EFPIA notes the publication of the EU IP Action Plan today. EFPIA Director General, Nathalie Moll said. “The COVID-19 crisis has clearly demonstrated that IP has driven and enabled the unprecedented research response leading to the availability of new treatments and vaccines for use in the fight against the pandemic.”

We welcome the commitment to launch a unified SPC grant mechanism and/or to create a unitary SPC title bringing more certainty, predictability and cost-effectiveness to everyone involved in the discovery, development and use of medicines in Europe. 

Given the Commission’s commitment expressed in the EU Pharmaceutical Strategy to “support the competitiveness and innovative capacity of the EU’s pharmaceutical industry” and the aspiration to become a “global standard-setter in IP”  expressed in the Action Plan, EFPIA is extremely concerned to see reference to coordinating compulsory licensing in emergency situations in Europe. 
 
Addressing the issue, Nathalie Moll said. “As acknowledged in the IP Action Plan itself, the COVID-19 crisis has shown the resilience of the European IP system.

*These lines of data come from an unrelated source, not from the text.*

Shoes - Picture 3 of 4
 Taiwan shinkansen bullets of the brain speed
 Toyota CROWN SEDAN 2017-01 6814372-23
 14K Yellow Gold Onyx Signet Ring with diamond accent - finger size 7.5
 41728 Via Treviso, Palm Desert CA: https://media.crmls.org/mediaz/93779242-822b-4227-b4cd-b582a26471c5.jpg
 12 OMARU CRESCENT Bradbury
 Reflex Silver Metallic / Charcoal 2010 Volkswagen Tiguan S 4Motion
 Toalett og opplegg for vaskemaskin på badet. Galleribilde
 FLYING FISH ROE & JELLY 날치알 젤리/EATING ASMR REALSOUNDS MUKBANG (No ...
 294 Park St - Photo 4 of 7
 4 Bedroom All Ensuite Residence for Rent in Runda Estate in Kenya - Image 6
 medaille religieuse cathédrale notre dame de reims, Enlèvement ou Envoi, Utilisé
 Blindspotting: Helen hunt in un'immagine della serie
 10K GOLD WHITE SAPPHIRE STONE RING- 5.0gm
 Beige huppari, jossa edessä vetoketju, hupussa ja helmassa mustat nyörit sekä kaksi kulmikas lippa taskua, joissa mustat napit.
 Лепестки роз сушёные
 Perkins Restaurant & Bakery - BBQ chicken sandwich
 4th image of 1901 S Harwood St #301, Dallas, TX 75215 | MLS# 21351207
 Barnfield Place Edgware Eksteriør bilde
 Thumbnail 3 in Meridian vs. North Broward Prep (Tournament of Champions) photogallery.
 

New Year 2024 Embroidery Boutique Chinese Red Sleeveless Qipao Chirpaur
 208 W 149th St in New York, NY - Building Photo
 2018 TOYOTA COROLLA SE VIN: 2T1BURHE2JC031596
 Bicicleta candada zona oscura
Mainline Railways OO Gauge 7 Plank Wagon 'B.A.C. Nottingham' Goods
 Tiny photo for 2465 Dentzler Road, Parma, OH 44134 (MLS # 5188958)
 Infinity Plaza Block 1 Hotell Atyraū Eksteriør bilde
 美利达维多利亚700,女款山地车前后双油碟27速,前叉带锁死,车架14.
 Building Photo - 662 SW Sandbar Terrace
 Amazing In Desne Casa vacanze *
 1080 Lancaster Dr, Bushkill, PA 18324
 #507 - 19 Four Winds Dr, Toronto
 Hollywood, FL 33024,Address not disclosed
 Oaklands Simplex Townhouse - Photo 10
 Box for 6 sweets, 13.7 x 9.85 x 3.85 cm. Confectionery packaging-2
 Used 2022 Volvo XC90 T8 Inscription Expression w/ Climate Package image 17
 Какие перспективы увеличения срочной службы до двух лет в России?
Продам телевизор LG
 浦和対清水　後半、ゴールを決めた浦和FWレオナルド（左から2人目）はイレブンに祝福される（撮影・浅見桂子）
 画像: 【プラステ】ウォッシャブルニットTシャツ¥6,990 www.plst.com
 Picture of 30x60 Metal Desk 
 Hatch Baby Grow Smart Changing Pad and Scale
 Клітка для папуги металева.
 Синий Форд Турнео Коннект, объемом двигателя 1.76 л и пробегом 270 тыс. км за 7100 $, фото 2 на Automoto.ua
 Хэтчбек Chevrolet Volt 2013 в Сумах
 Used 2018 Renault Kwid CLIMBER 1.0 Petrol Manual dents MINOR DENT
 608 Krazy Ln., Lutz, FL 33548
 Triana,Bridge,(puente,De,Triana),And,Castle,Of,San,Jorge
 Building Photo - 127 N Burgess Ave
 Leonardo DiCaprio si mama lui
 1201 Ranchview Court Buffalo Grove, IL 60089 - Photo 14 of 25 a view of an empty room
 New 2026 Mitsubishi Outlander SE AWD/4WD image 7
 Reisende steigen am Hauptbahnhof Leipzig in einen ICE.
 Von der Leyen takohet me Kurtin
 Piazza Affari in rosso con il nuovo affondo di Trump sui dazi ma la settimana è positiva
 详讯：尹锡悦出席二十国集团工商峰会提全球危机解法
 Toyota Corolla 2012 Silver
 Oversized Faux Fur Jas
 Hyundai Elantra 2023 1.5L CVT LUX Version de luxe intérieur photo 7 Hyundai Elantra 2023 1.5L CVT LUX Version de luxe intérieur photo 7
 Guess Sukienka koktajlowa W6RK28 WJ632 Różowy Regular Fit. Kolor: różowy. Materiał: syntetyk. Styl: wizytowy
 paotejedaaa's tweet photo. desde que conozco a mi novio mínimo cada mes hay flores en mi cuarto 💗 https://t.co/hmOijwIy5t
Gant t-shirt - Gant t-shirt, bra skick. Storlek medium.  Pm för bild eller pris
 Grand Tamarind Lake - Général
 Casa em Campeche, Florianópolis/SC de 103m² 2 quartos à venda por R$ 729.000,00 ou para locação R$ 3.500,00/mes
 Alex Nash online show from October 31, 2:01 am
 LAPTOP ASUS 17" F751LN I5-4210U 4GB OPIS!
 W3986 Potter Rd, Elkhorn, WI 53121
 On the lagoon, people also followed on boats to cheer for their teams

Indeed, it has enabled unprecedented collaboration between biopharmaceutical innovators and governments, universities and other research partners to speed up progress on hundreds of potential COVID-19 treatments, diagnostics and vaccines for patients. Compulsory licensing is not an effective policy tool to create access and puts at risk any incentive to invest in medical innovation at a time when citizens across Europe, across the world, are looking to the life science community to find the answers to the coronavirus crisis and build our resilience to future outbreaks.”